Analysis and Visualization of Public Health Agency of Canada COVID Cases

In the era of COVID-19, data has become a crucial tool in understanding and combating the pandemic. The Public Health Agency of Canada has made available a dataset that provides a comprehensive view of COVID-19 cases in the country. This dataset, updated every Tuesday, is a valuable resource for data analysts of all skill levels, offering insights into the spread and impact of the virus across provinces.

Dataset Overview

The dataset, which is available under the Open Government Licence – Canada, contains information about the number of cases and deaths at the provincial and national levels from January 31, 2020, to the present. As of January 21, 2024, the dataset has 3,090 rows and 23 columns.
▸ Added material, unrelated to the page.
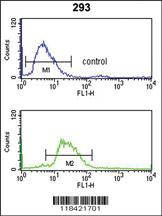 Anti-LRG1 Rabbit Polyclonal Antibody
Data Analysis and Cleaning with Python

The first step in working with this dataset is to clean and prepare the data for analysis. This process involves several steps, including dropping unnecessary columns and values, renaming columns, and converting data types.

Python Code at GitHub

https://github.com/jsmith6417/Public-Health-Agency-of-Canada-COVID-Cases

Steps:

  1. Drop the columns not needed: The data is aggregate, overlapping, or not needed for the visualizations in Tableau. After this step, six columns remain.
  2. Drop the values for province we don’t need: The values for 'Canada' and 'Repatriated travellers' are dropped, leaving 2,678 rows.
  3. Rename 'prname' to 'Province'.
  4. Add a column for 'Country' and populate all rows with 'Canada': This allows Tableau to automatically recognize 'Country' and 'Province' as a hierarchy, facilitating the creation of a color-coded map of Canada.
  5. Convert 'cases' and 'deaths' to numeric values: Non-numeric data such as zeros represented as dashes and blanks are replaced with NaN, which are then replaced with zeros. This simplifies filtering in Tableau and stops the missing values warning.
  6. Delete the rows where the number of cases and number of deaths are both zero: These weeks have nothing to report, so they are removed, leaving 2,117 rows.
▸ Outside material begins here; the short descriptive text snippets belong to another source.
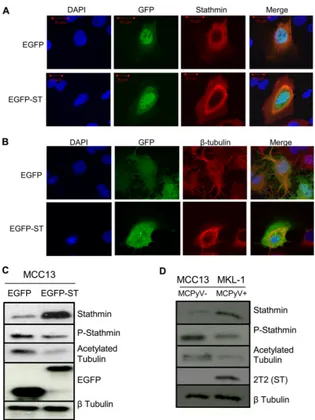 FIG 4 MCPyV ST promotes microtubule destabilization. MCC13 cells were transfected with either EGFP or EGFP-ST expression vectors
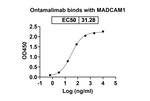 MAdCAM-1 (Ontamalimab Biosimilar) Recombinant Human Monoclonal Antibody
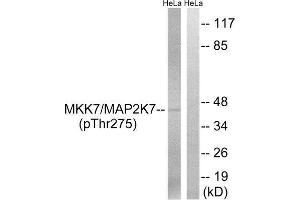 Western Blotting (WB) image for anti-Mitogen-Activated Protein Kinase Kinase 7 (MAP2K7) (pThr275) antibody (ABIN1847620) (MAP2K7 antibody  (pThr275))
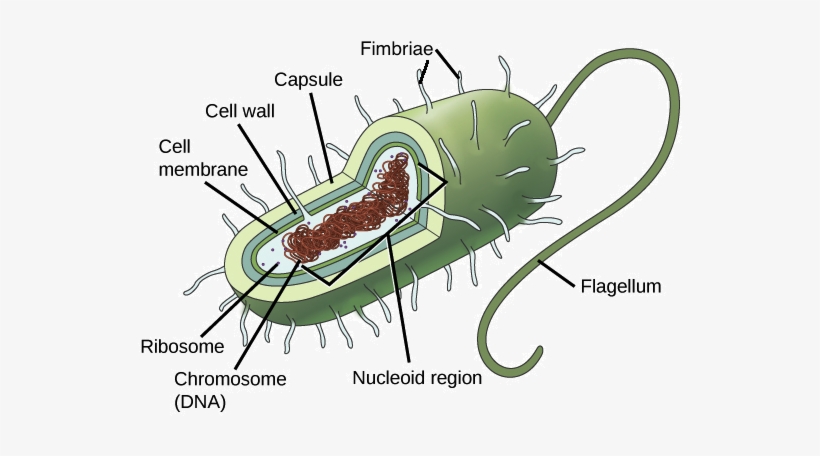 Prokaryotic Cells, transparent png download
The 'date' column is not converted to datetime in Python as Tableau automatically converts the text to dates.

Data Visualization with Tableau

Tableau is a powerful tool for creating interactive visualizations. It recognizes 'Country' and 'Province' as a hierarchy, making it easy to create a color-coded map of Canada. Two True/False calculated fields are created to filter out case counts equal to zero and death counts equal to zero:

- Cases > 0: `[numtotal_last7] > 0`
- Deaths > 0: `[numdeaths_last7] > 0`

Steps:

  1. Create interactive maps and bar charts for cases and deaths.
  2. Assembled the maps and bar charts into dashboards.
  3. Assemble the dashboards into the final presentation story points.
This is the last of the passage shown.